A four-year recipient of the Neil and Louise Tillotson Scholarship, Flanagan graduated last spring from the University of Vermont with a degree in Parks, Recreation and Tourism. Scholarships, including the Tillotson Scholarship, helped her to get her bachelor’s degree without taking on any student debt. She is now pursuing her Master’s in Business Administration via online courses through Champlain College — while running two small businesses on the side.
“We know that many young people want to stay in, or come back to, the North Country,” said Kirsten Scobie, director of the Neil and Louise Tillotson Funds at the New Hampshire Charitable Foundation. “And the region needs their ingenuity, their energy and their commitment. We hope that this scholarship will help more young people envision vibrant futures for themselves here.”

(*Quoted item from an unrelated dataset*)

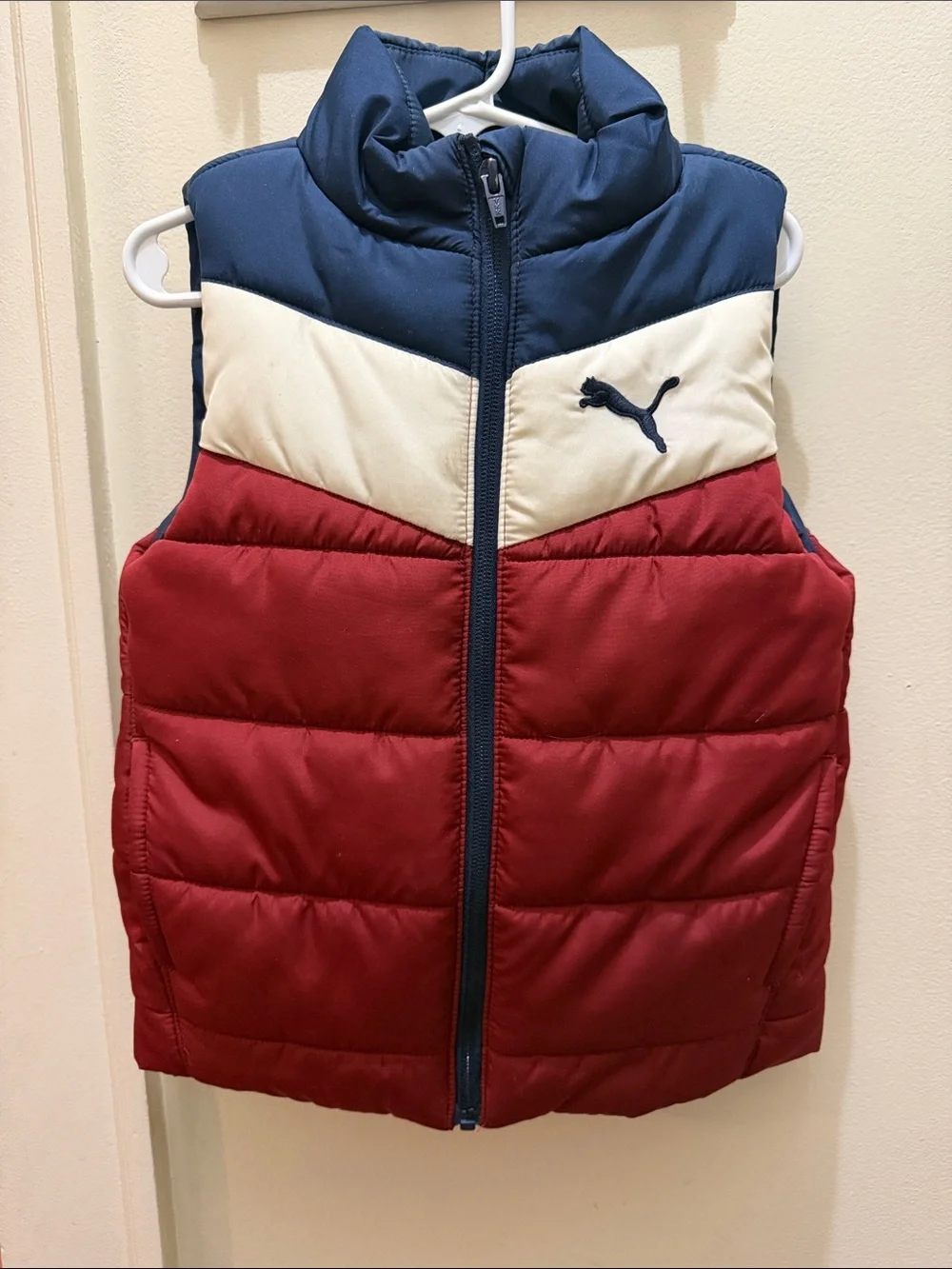 Puma Kids Navy, Cream & Red Colorblock Puffer Vest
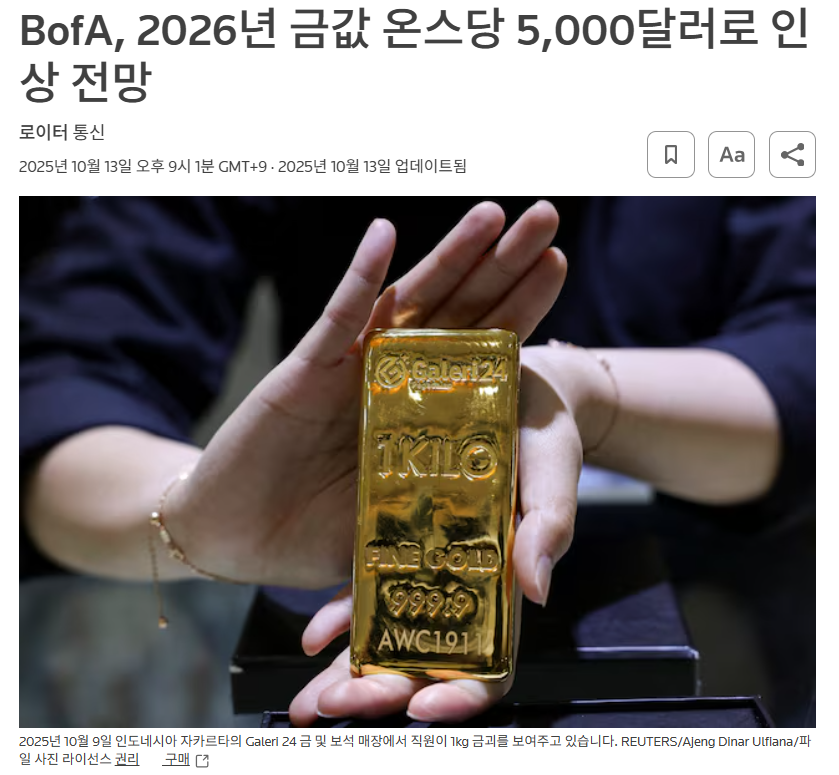 로이터 통신&amp;#44; 뱅크 오브 아메리카의 금값 5천달러 전망 기사 일부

Flanagan hopes her entrepreneurial spirit and ongoing studies will help her find a niche in this northernmost corner of New Hampshire, just across the state line from her hometown of Canaan, Vermont — and the place she considers home.
“I love how open it is here. I don’t have to wake up to loud noises. I can’t see my neighbor. I have a 360-degree view of mountains, which is priceless to me,” Flanagan said. “You can get that in other places. But this is the place I grew up.” It’s also the place she plans to stay, and she hopes other young people stay, too. She sees developing a robust outdoor recreation economy as essential to making that happen.
Flanagan sees the future of the Great North Woods as promising. As part of a generation poised to help shape that future, she sees outdoor recreation as a driving force for boosting the economy and enticing more young people to build community here.
For now, soap and photography are part of Flanagan’s focus when she’s not busy with her studies. Through her Northeast Kingdom Soap venture, she crafts and sells handmade soaps and lip balms. With her Northern Exposure photography, Flanagan is pursuing another life-long interest. While Flanagan considers both ventures as hobbies for the time being, she hopes to develop her photography business into a career.
“Photography has been in my family for years. My great-grandfather was a photographer in World War II,” Flanagan said. “I’ve always loved taking pictures.”
While Flanagan has done senior portraits and engagement photoshoots — and hopes to delve into wedding photography eventually — she’s most enthralled with astrophotography: shooting the stars and other nighttime celestial bodies.
“It takes a lot of patience,” she said of capturing the night sky. “Ideally, I would love for my photography business to flourish and grow. Hopefully, I can learn how to run a better business through my master’s program.”
Eventually, she wants to combine her knowledge of the area and with her two degrees to build something big for the area – she dreams of a re-imagined version of the long-shuttered Balsams resort.
“This would combine my knowledge of recreation and tourism with my MBA,” she said, “and I would absolutely love to be involved with creating something that will bring generations of people to the area.”